The Untapped Gold Mine Of TEMPERATURE That Virtually No One Knows About

Introduction

So far, we have been trying to get better sounds by improving the training process. However, it occurred to me that we could also try to improve the sampling process -- the way that we get audio out of a model that has already been trained. I was thinking about My favourite paper, where he gives a few tips for sampling. The main one makes use of the fact that the model outputs a probability distribution. After a forward pass through the network, we can modify that distribution to make the most probable things even more probable, or vice-versum. In our case, we can raise the whole distribution to some power. If the power is greater than one, the distribution will get stretched up and down, making the mountains higher and the valleys lower (making the output more predictable), and if the exponent is less than one, the distribution will get flattened out (making all options equally likely thereby making the output more noisy and random). The sampling temperature is defined to be one over the exponent. By manipulating this, we can control how much randomness or variety is introduced in to the generated sequence. Figure 1 shows what this looks like for handwriting sequences generated with a recurrent neural network.

Figure 1: A figure from Alex Graves. Generating Sequences With Recurrent Neural Networks, showing the effect of sampling bias on handwriting. Notice that increasing bias is decreasing temperature, i.e. the most regular samples have the lowest temp.

Results

I wondered if the same might be true for audio as well.

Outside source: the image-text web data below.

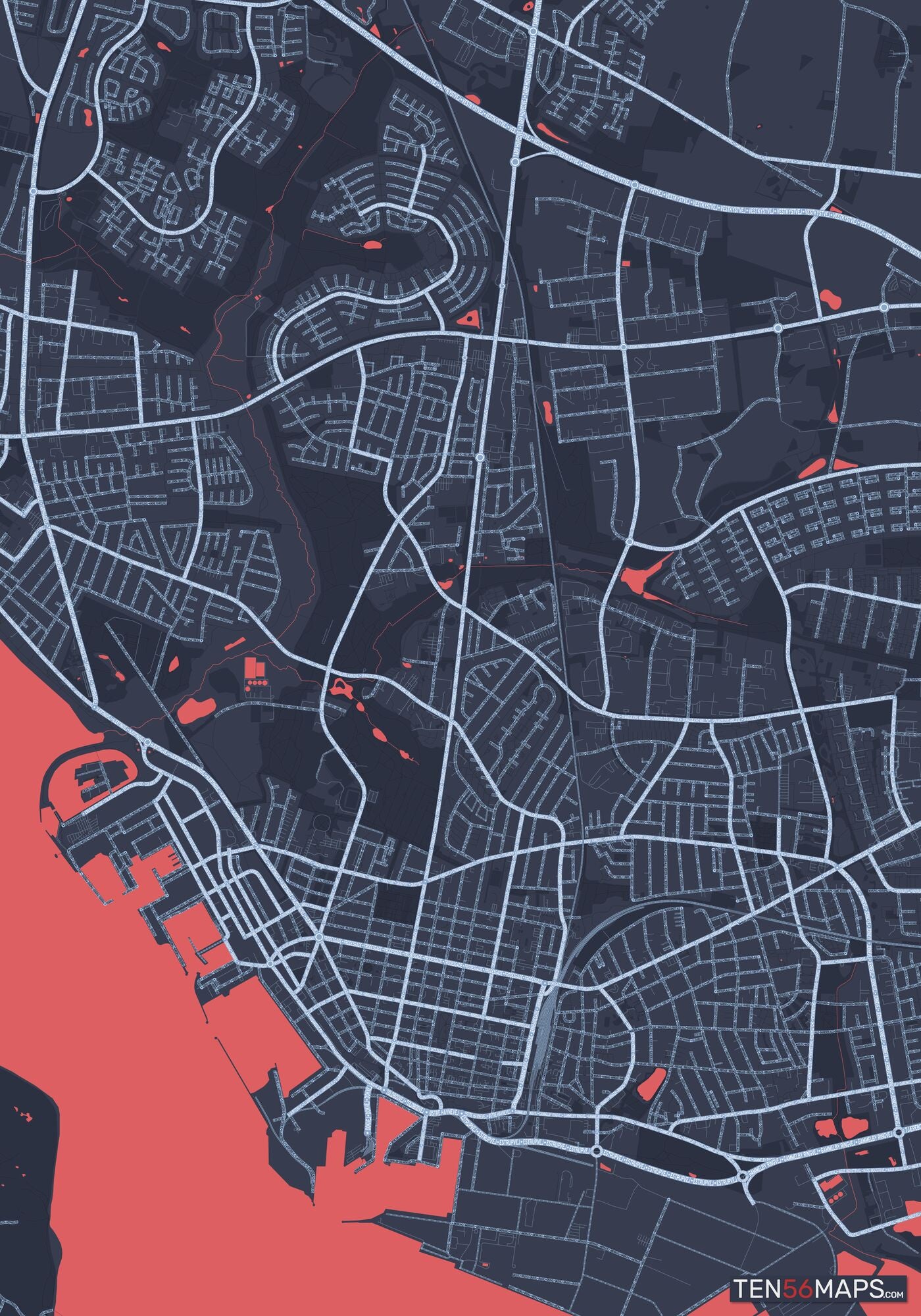 Color Variant Royal - Blue land with water in red.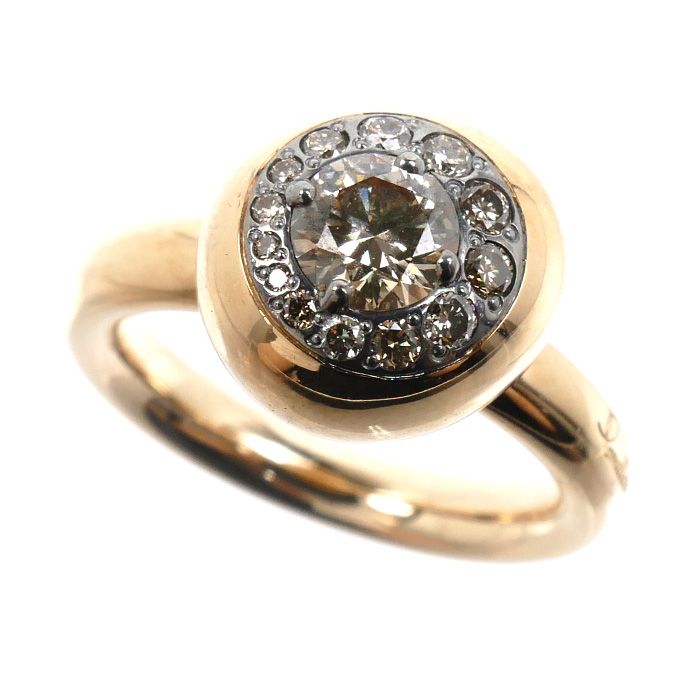Pomellato ポメラート K18PG ピンクゴールド ヌヴォラ リング・指輪 ダイヤモンド0.55ct 15号 11.9g レディース 中古 美品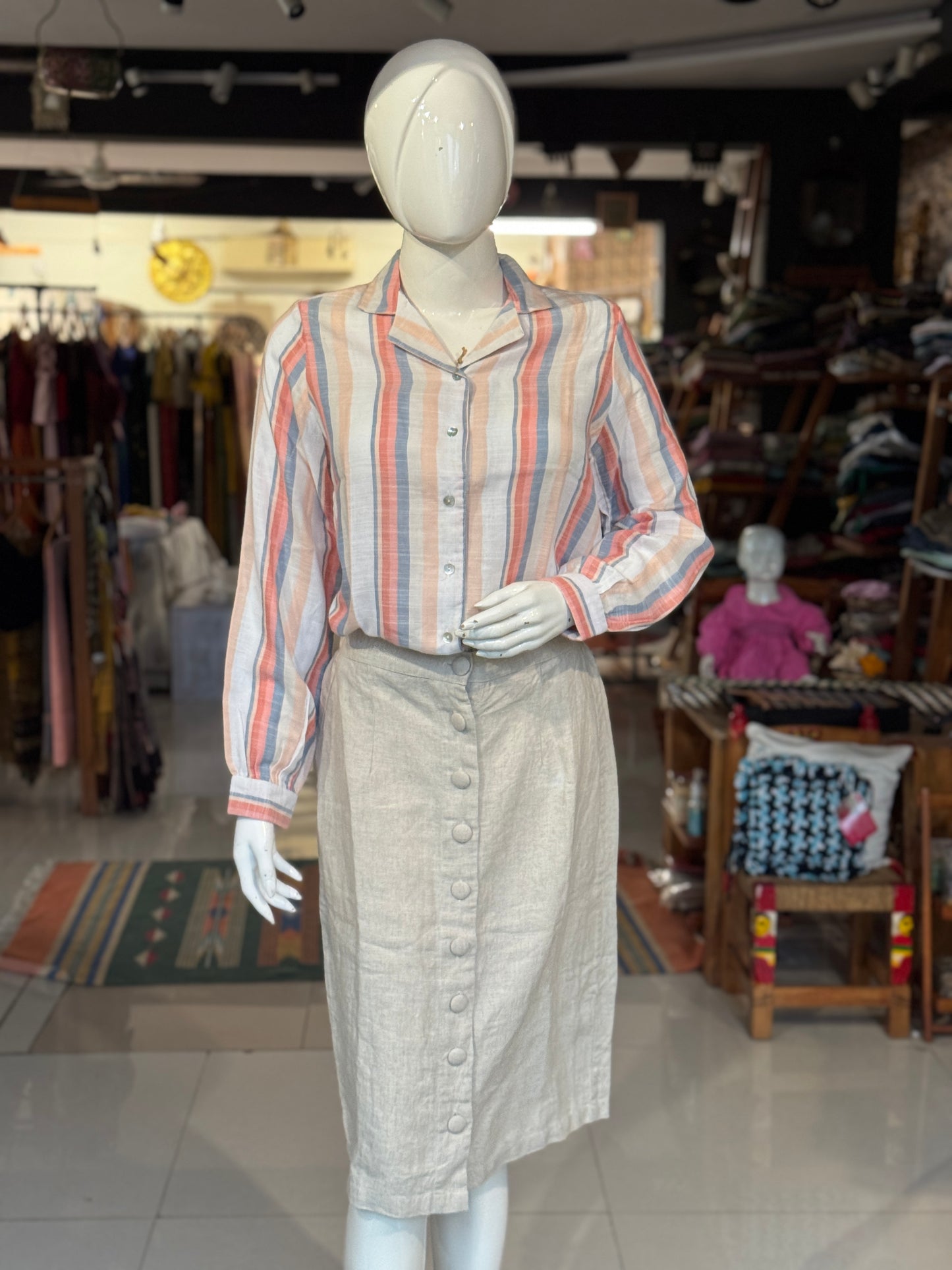 White peach pink stripes soft cotton shirt for women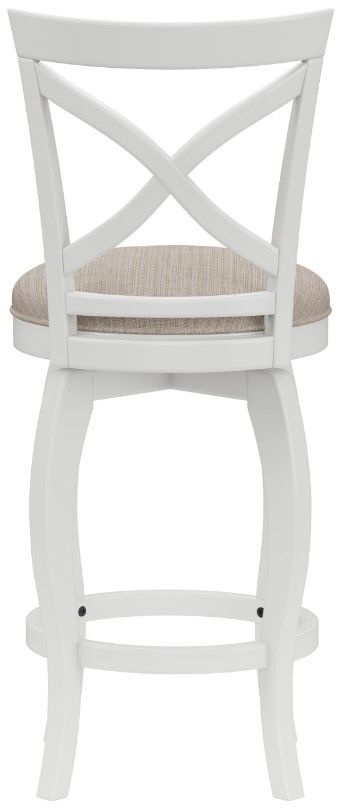 HH2 Home Ellendale White Swivel Counter Stool-3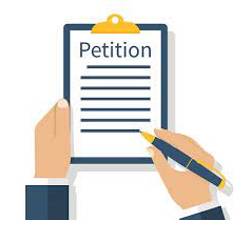 Petition - A formal written request, typically one signed by many people, appealing to authority in respect of a particular cause.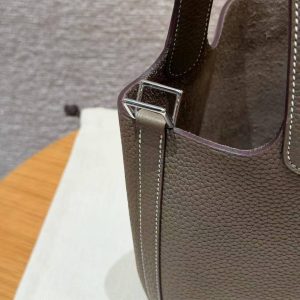 Hermes Picotin Lock 18 CM Bag Handmade In Taurillon Clemence Leather Silver Hardware 18 Etoupe - Image 11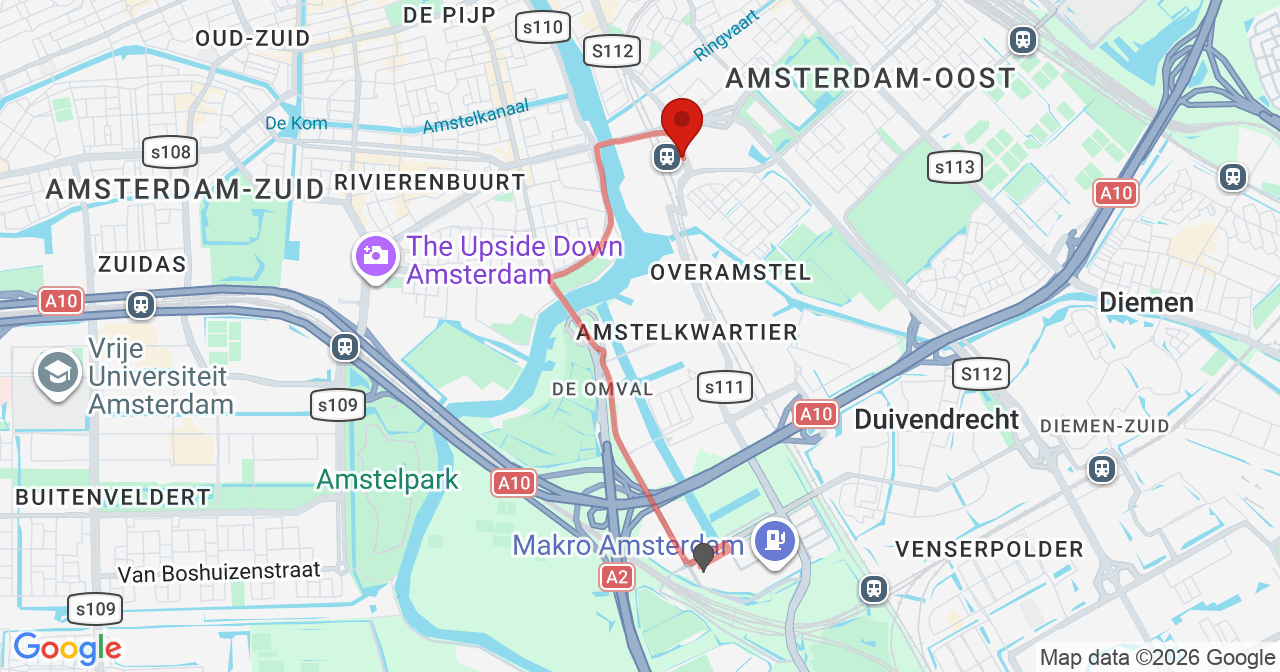 Kaart van het incident in Amsterdam met de aanrijroutes van de gealarmeerde eenheden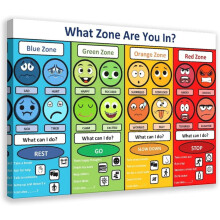 Zones de régulation de la gestion émotionnelle - Affiche sur toile
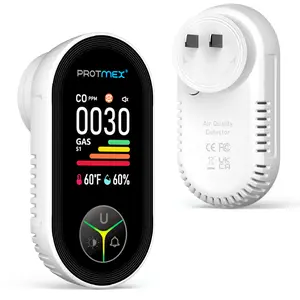 4-in-1 Display Remind,Plug in with Temperature Humidity Sensor Built-in,with DualSensor,Air Safety Remind with Clear Display Sound &Light for Homes,Kitchens,Apartments,RVs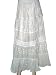 Skirt for Women White Beaded Cotton Tiered Bohemian Skirt 36" Length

So I implemented sampling temperature in WaveRNN (the code is in the Ambisynth Private Repository). I took the two best single-class models and sampled them at a variety of temperatures.

temp beach park
1.5
1.4
1.3
1.2
1.1
1.05
1.0
0.95
0.9
0.8
0.7
0.6
0.5

Example 2: Two Wave-RNN Individual models sampled at a variety of temperatures.

Observations

In both models, the best sounds have a temperature close to 1. It seems like lower temperature (more probable) sequences sound more like a noise profile, and raising the temperature introduces more foreground-like sounds. In the park case, it sounds to me like lower temp is more traffic-like sounds, and higher temp introduces more bird and twig sounds. In the case of beach, it sounds like wind transitions to water with increasing temp.

In another example, not shown here, I had a poorly-trained park model where the squeaky bird like sound was relatively persistent. Decreasing the temperature caused the whole network to oscillate and whistle, similar to some of the the SampeRNN cafe sounds. In retrospect, those sounds were sampled with a lower temperature, so maybe that was the cause of the oscillation there. (More results on that soon).

I don't think adjusting temperature will make a bad model sound good. However, with a good-sounding model, it might allow us to manipulate the output in a desirable way letting us control the amount of foreground texture in a sound.

Future Work

The other sampling technique Alex Graves talks about is priming. I implemented that in WaveRNN, but I have not yet had a chance to explore in a very detailed way how it affects the output.